Le rôle de l’industrie minière au sein des économies canadienne et québécoise est constamment présenté comme capital dans la sphère publique. Les retombées alléguées du secteur justifieraient le maintien d’une importante structure gouvernementale d’appui à l’industrie. C’est dans cette logique que le gouvernement concède au secteur minier un soutien financier important, par l’entremise de diverses mesures fiscales et allocations de toutes sortes, et qu’il maintient de longue date un cadre juridique accommodant à son égard.
Dans cette étude, l’Institut de recherche et d’informations socio-économiques (IRIS) analyse globalement les coûts et bénéfices attribuables aux secteurs canadien et québécois des mines métallifères, non seulement du point de vue économique, mais également selon une perspective environnementale et sociale. Cela dans le but de déterminer l’intérêt réel d’une telle libéralité à l’égard des régimes miniers fédéral et provincial, tant pour les contribuables que pour les collectivités concernées par les activités minières. L’Institut remet ainsi en question la pertinence du maintien d’un soutien public financier et juridique aussi substantiel pour cette industrie.
Principales conclusions
Les investissements publics dans le secteur des mines métallifères, soit les dépenses fiscales, les dépenses par programmes et les dépenses directes dans l’industrie, sont en hausse depuis les 15 dernières années. Au Canada, les dépenses fédérales ont augmenté de 11,3 % entre 1995 et 2007 ; au Québec, cette hausse a atteint 48 % au cours de la seule période 2001-2007.
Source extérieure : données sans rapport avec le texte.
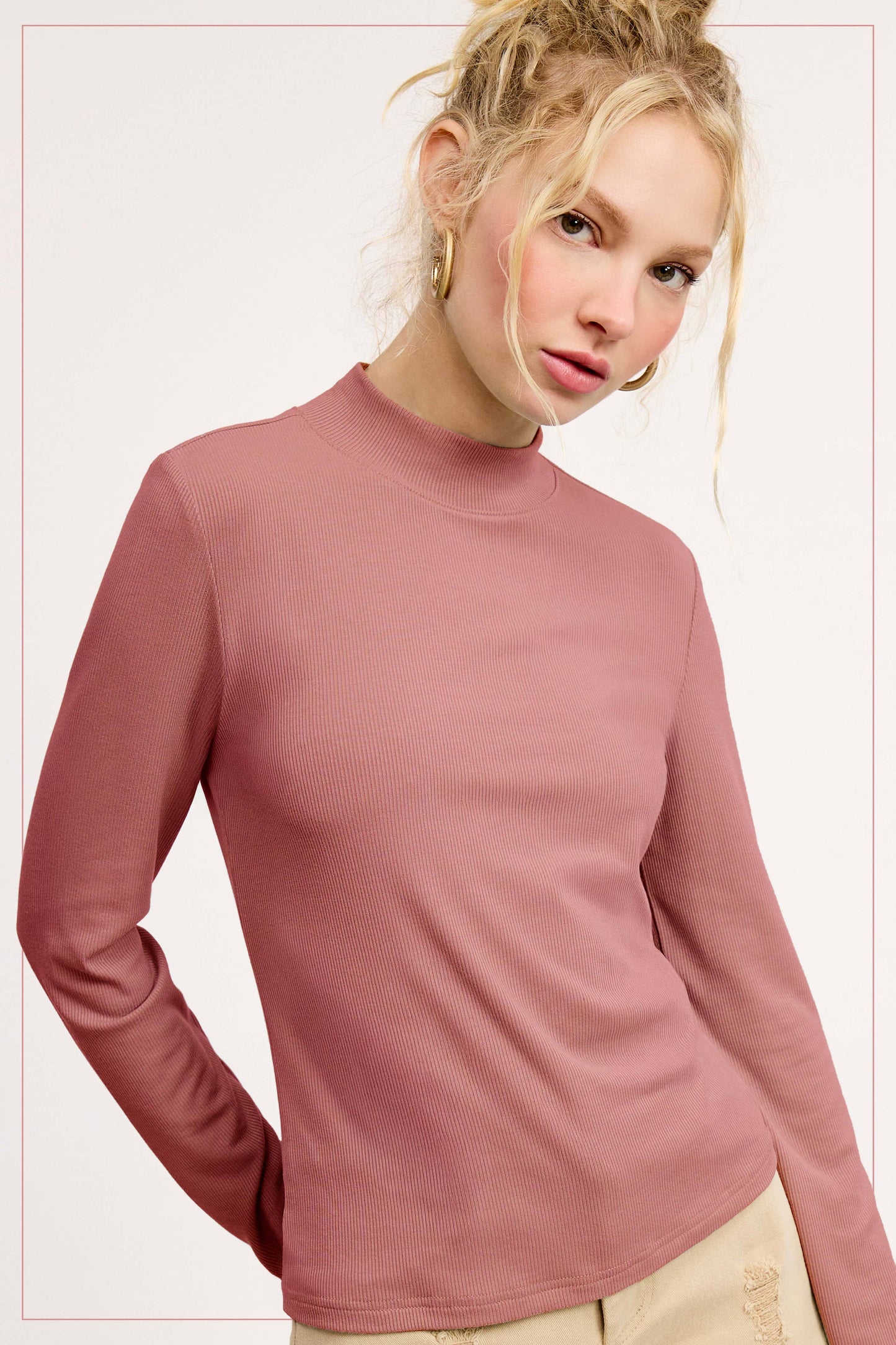 Ribbed Turtleneck MCT7699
En revanche, les retombées de ce secteur au plan des emplois et de la croissance économique sont en déclin. Au Canada, le nombre d’emplois offerts par l’industrie a chuté de 30 % et son PIB a décru de 7 % entre 1995 et 2007 ; au Québec, ces indicateurs ont respectivement connu une baisse de 8 % et de 23 % au cours de la même période. Au pays, les contributions du secteur à l’ensemble de l’économie en termes d’emplois et de PIB se limitaient en 2007 à 0,14 % et à 0,31 % respectivement ; dans la province, ces proportions étaient de 0,27 % et de 0,24 % la même année.
Au Québec, les contributions brutes du secteur aux finances publiques, en termes de redevances, d’impôts sur le revenu et de taxe sur le capital, ont augmenté de 107 % entre 2001 et 2007. Ces apports ne peuvent cependant pas être considérés comme substantiels pour les contribuables, compte tenu des facteurs suivants : 1) l’allègement fiscal global dont bénéficie le secteur est considérable (environ 50 %) 2) un nombre important de mesures fiscales et d’autres dépenses profitant au secteur ne sont pas divulguées par le gouvernement (et n’ont donc pas été comptabilisées dans la présente analyse) 3) les redevances versées par les entreprises minières sont bien en deçà des taux en vigueur ; et 4) celles-ci se révèlent maigres en regard des revenus de ces sociétés.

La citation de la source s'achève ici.